* **What you are asked to do**:
Once you find the line with "Perruque Et Barbe" in the listing below, please repeat it and every later line exactly, through the last one, without pictures.

===== Records supplied =====

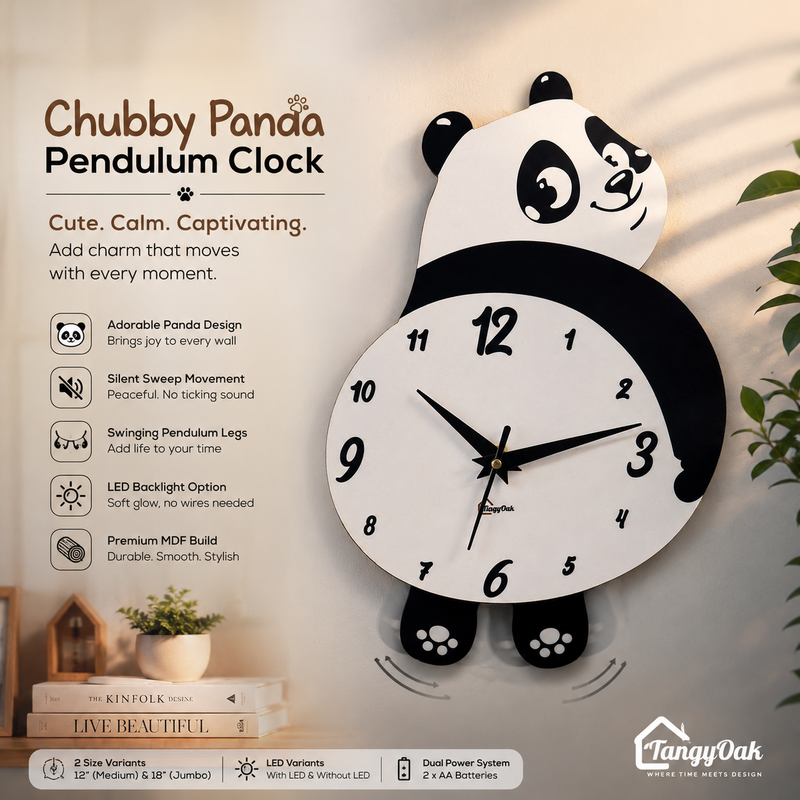 Chubby Panda - Pendulum Wall Clock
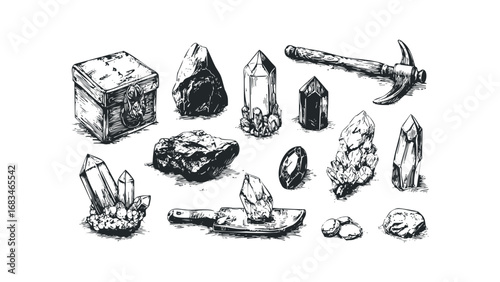 Collection of hand-drawn rough stones, crystals, and mining tools on transparent background. Vector hand drawn illustration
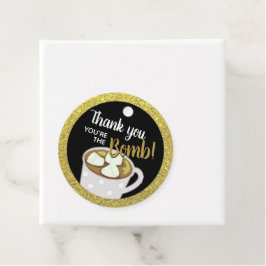 Black Gold Hot Cocoa Bomben | Elegante Hochzeit Geschenkanhänger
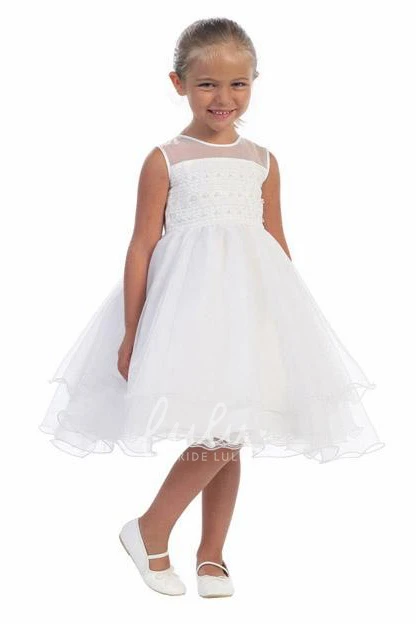 Illusion Embroidered Midi Organza Flower Girl Dress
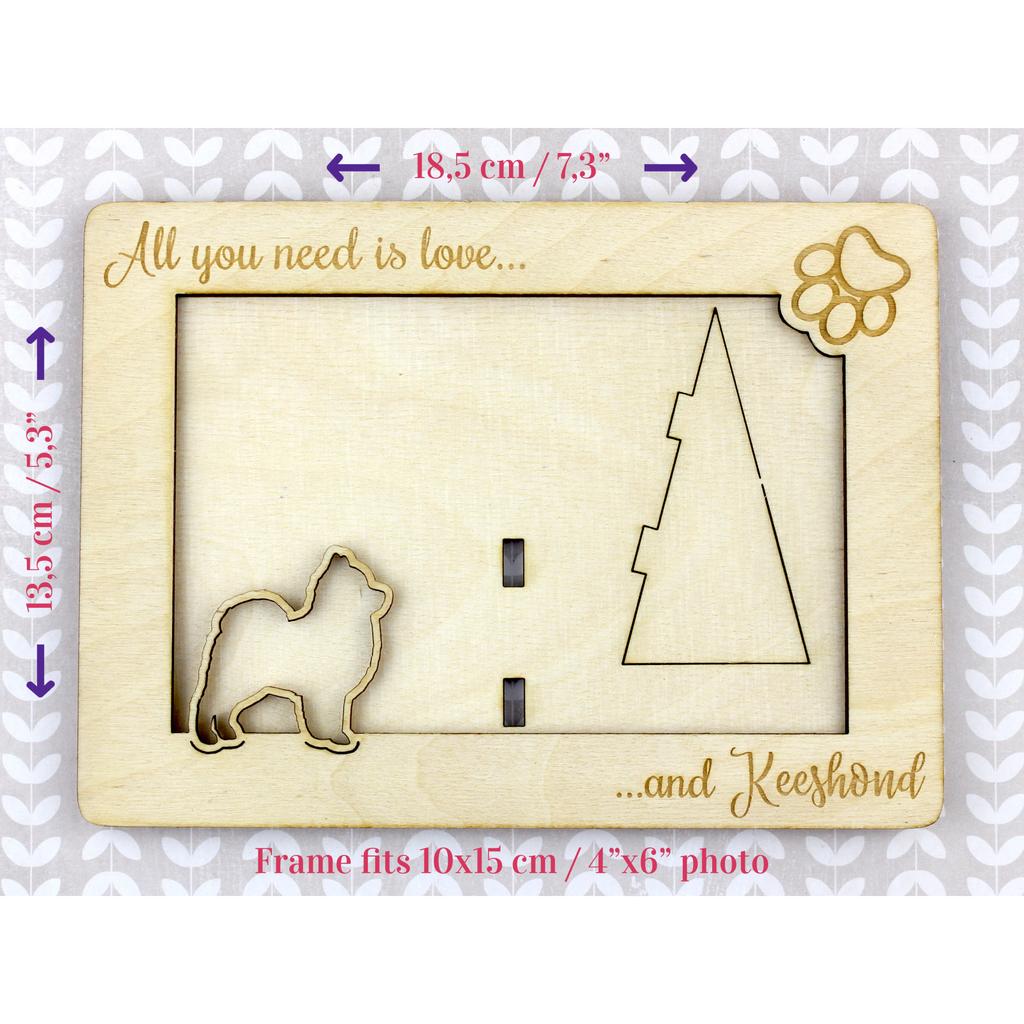 Keeshond, Dutch Barge Dog, Smiling Dutchman – Photo frame, engraved wooden frame | Art-Dog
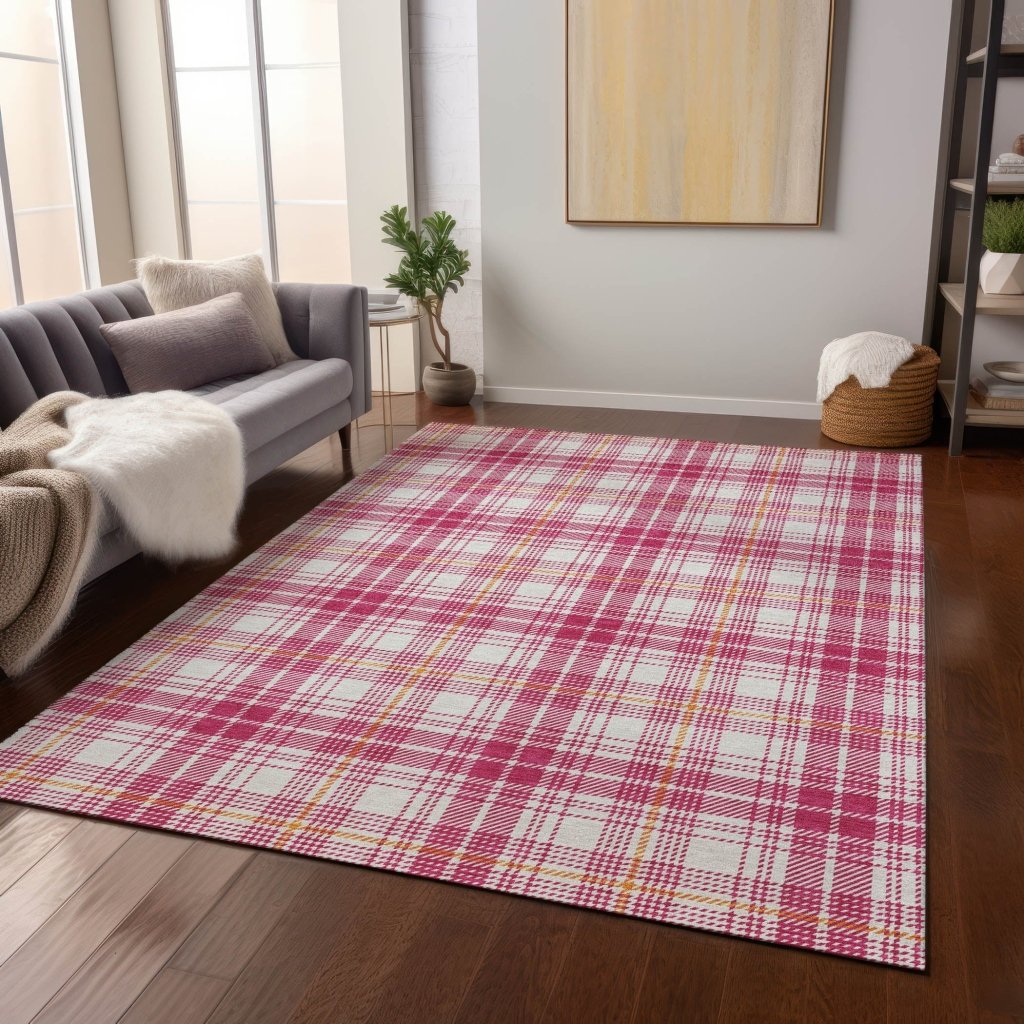 LOOMLAN Rugs Aurora Pink Washable Indoor-Outdoor Rug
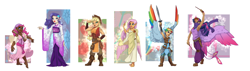 Size: 4600x1300 | Tagged: safe, artist:joan-grace, character:applejack, character:fluttershy, character:pinkie pie, character:rainbow dash, character:rarity, character:twilight sparkle, character:twilight sparkle (alicorn), species:human, absurd resolution, armor, armpits, barefoot, boots, bracelet, butterfly, clothing, colored wings, colored wingtips, dark skin, dress, ear piercing, earring, element of magic, elf ears, feet, flexing, glare, gypsy pie, humanized, jewelry, kimono (clothing), lipstick, magic wand, mane six, muscles, piercing, smiling, smirk, spread wings, sword, tiara, toga, unicorns as elves, wand, weapon, winged humanization, wings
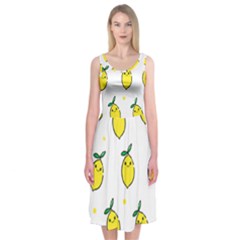 Pattern Lemon Texture Midi Sleeveless Dress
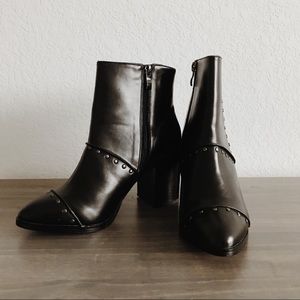 Black Silver Studded Booties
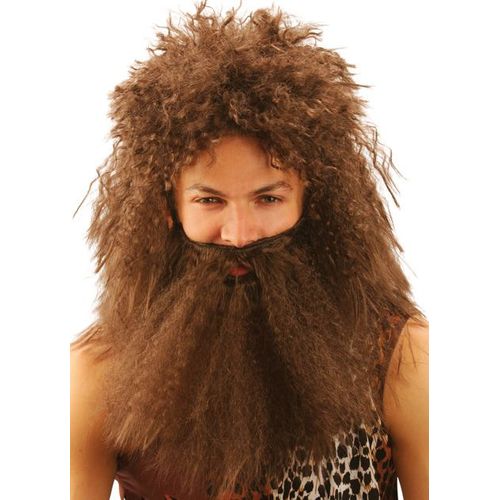 Perruque Et Barbe Des Cavernes Marron Homme - 4506 - Taille Unique - Port 0¿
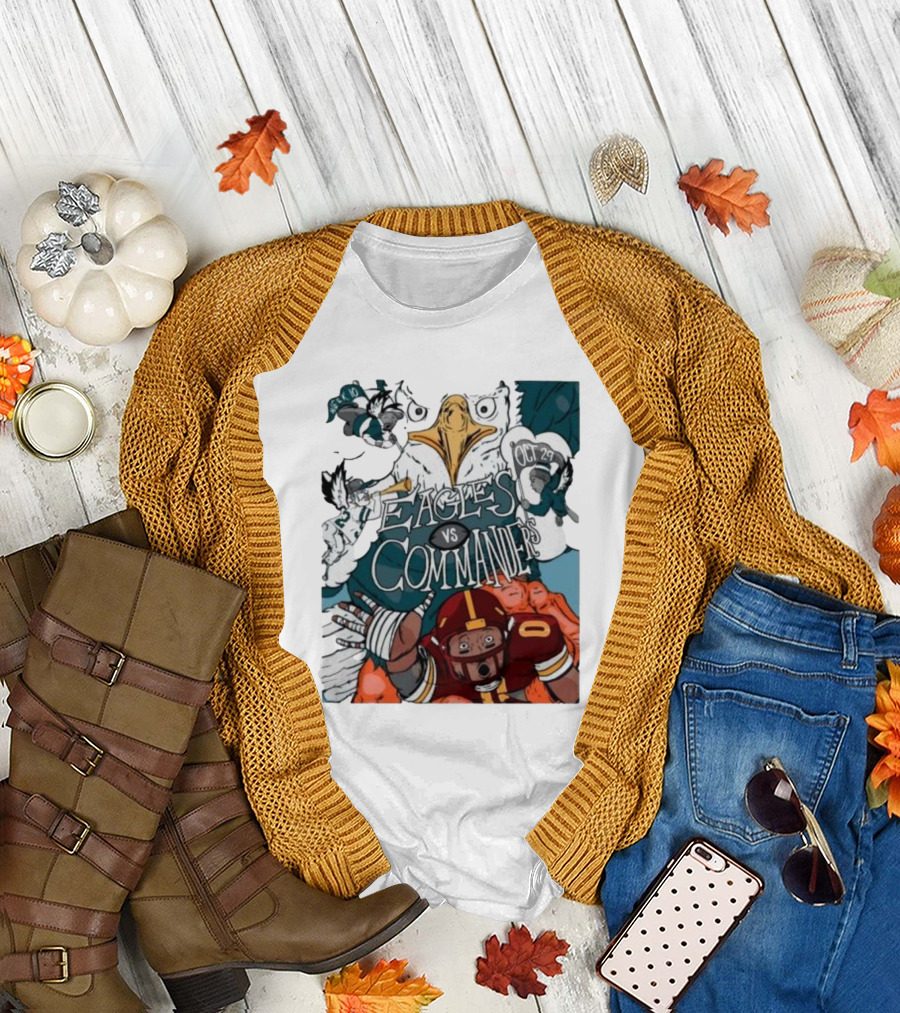 Eagles vs Commanders Cartoon October 29 Football Showdown T-Shirt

=====

* **Exercise answer**:
 Perruque Et Barbe Des Cavernes Marron Homme - 4506 - Taille Unique - Port 0¿
 Eagles vs Commanders Cartoon October 29 Football Showdown T-Shirt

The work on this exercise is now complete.